Kitty calls VISTA Gardens, established in 2008 in Hillsborough County's Carrollwood Village, one of our success stories. It was a deciding factor for Roberta Owens when she prepared to move from Valdosta, Ga., last year.
"When the Realtor asked me, 'What do you care about?' a community garden was third on my list," she says.
Located on county parkland, the organic garden has 76 plots and 85 active memberships at a cost of $50 per season (fall/winter and winter/spring). The property has no running water, so a solar panel fuels a well pump. A beekeeper's hive ensures plants get pollinated, and a robust composting system supplies members with rich soil amendments.
"On Thursdays, we have volunteers who come out to work the compost," Marty says. "We call it Compost Fit."
Today, the 59-year-old retired engineer, who once lived on burgers and Oreos, welcomes the good sweat. But VISTA has been so much more.
"I could garden in my own back yard," he says. "Here, the gardening is almost secondary. We're a community. I used to know just the neighbors on either side of me, now I go to Publix and I run into people I know. I have relationships with people I wouldn't have interacted with — older people, younger people. We may have political differences, but we all love tomatoes."

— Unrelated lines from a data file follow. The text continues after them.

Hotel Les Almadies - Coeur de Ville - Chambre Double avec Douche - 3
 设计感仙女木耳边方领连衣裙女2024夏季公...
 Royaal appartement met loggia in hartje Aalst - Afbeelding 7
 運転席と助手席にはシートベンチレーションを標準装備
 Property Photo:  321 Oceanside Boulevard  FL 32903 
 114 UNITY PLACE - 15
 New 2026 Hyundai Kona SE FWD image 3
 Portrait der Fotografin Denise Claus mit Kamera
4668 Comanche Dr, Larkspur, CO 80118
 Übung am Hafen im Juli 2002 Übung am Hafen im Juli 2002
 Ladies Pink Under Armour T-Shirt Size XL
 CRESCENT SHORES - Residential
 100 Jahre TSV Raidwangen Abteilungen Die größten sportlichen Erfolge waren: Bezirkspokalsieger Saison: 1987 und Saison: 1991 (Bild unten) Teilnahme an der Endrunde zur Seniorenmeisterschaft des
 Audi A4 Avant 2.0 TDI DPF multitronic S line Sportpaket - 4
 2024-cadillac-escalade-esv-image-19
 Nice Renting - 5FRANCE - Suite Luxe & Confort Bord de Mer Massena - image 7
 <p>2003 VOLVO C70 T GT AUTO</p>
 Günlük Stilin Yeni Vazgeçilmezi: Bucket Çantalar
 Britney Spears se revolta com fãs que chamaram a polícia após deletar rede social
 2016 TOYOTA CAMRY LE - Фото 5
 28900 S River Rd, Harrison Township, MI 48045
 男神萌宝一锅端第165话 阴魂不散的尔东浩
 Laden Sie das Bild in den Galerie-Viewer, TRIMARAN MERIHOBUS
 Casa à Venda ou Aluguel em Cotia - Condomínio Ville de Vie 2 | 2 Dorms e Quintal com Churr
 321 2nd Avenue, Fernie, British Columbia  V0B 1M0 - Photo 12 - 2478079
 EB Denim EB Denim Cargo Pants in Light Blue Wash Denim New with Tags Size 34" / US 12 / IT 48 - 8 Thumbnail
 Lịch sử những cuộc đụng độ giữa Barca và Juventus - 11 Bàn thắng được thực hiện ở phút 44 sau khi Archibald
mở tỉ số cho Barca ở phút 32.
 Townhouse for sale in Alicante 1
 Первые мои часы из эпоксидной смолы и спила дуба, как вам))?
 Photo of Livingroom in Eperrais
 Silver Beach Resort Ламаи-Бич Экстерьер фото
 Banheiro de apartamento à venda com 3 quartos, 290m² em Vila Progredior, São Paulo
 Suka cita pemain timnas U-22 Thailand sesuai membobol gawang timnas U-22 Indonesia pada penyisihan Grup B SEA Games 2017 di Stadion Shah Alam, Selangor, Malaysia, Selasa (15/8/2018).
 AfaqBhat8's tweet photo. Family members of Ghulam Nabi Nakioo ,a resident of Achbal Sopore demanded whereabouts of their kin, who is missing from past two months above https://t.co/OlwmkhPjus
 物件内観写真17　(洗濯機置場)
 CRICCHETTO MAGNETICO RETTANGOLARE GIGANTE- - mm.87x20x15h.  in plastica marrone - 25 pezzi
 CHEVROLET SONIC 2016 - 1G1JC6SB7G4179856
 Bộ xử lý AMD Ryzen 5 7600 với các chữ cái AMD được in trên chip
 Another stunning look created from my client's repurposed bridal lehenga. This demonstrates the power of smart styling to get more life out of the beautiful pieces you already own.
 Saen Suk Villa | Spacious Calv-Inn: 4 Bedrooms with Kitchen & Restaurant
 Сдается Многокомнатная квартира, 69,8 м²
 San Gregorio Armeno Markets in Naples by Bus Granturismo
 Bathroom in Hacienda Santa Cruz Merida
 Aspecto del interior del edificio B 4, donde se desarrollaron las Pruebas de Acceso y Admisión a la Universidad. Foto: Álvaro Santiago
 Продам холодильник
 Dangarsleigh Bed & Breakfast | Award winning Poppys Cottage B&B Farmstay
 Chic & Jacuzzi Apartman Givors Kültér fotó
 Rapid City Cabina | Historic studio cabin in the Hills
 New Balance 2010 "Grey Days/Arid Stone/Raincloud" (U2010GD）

It also gave him a new appreciation of food. "I never would have eaten kale before. Never!" he says. "Now I bring my kale salad to all the potlucks. Everyone loves it!"
Depending on their mission, community gardens educate; provide fresh, nutritious food for people who can't afford it; help build a sense of community; and, for people like Marty, become the catalyst for lifestyle changes. Find a garden near you, or add your own community garden, at coalitionofcommunitygardens.weebly.com and communitygarden.org.
"It's the best thing I've ever done in my life," Marty says. "I'm the luckiest guy in the world."